§ ASSIGNED TASK
Starting at the line that contains "An inventory management web app", write out each line exactly through the last one in the material below, and nothing more; omit all pictures.

§ AVAILABLE DATA
+===+
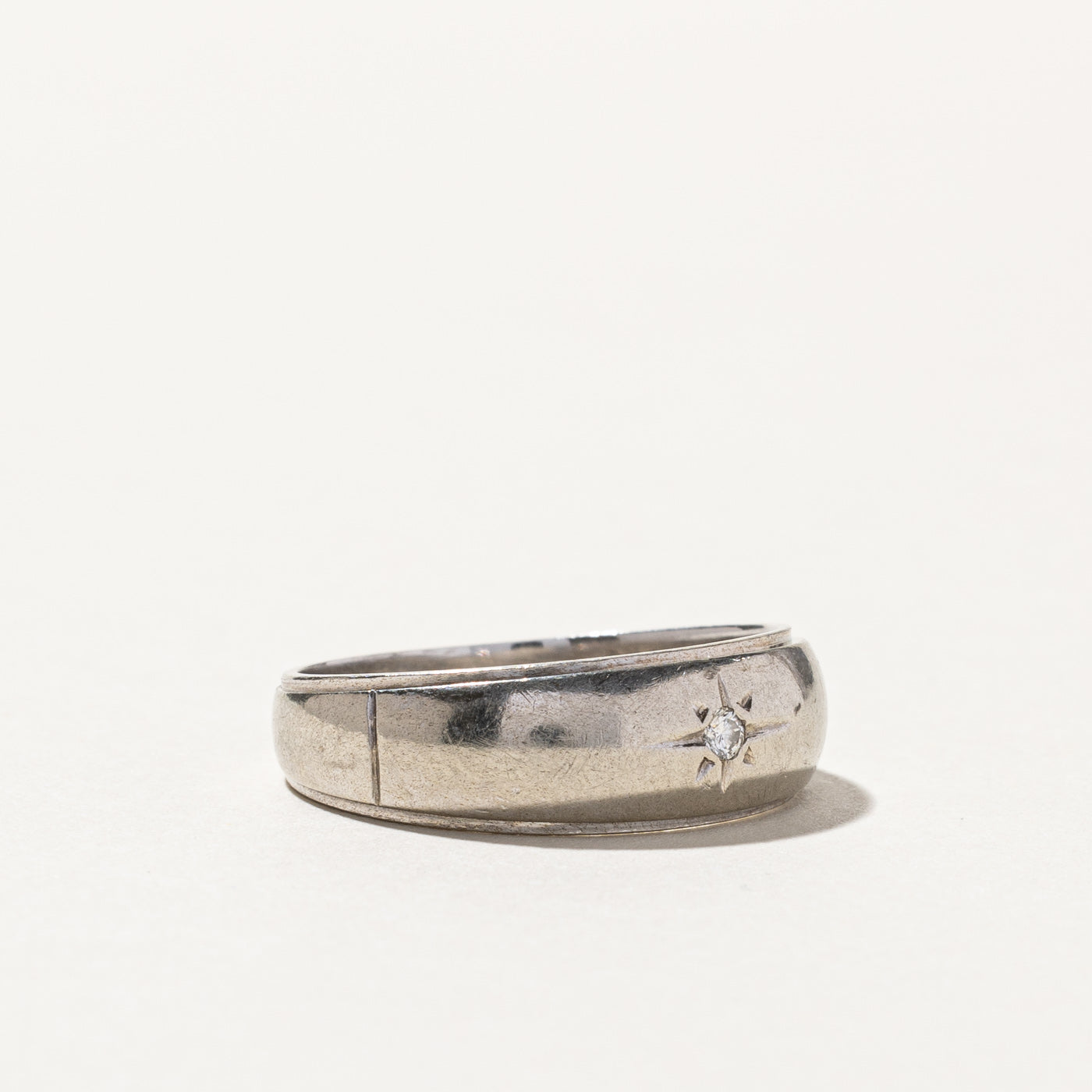 White Gold Starburst Diamond Band | 0.03ct | SZ 10 |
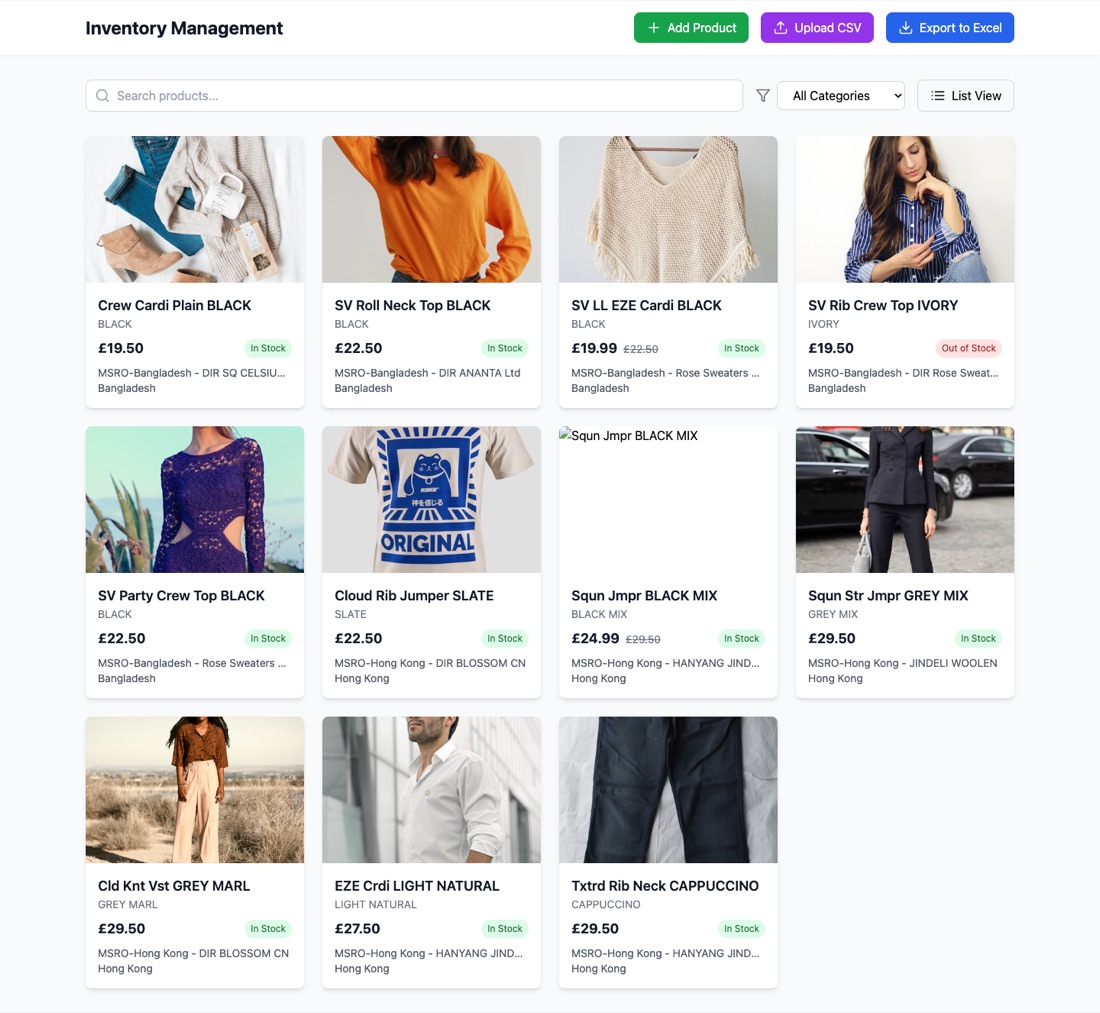 An inventory management web app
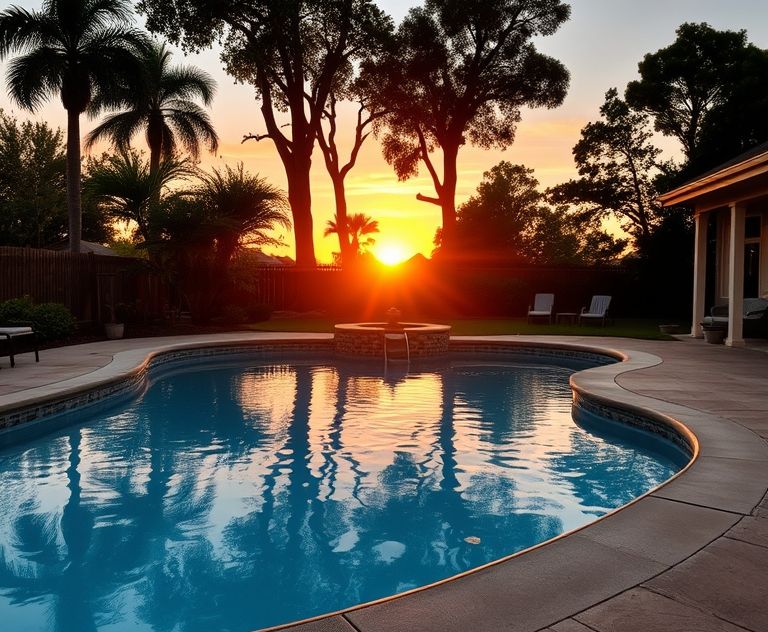A serene backyard pool basking in the warm glow of sunset.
+===+
§ EXERCISE SOLUTION
 An inventory management web app
A serene backyard pool basking in the warm glow of sunset.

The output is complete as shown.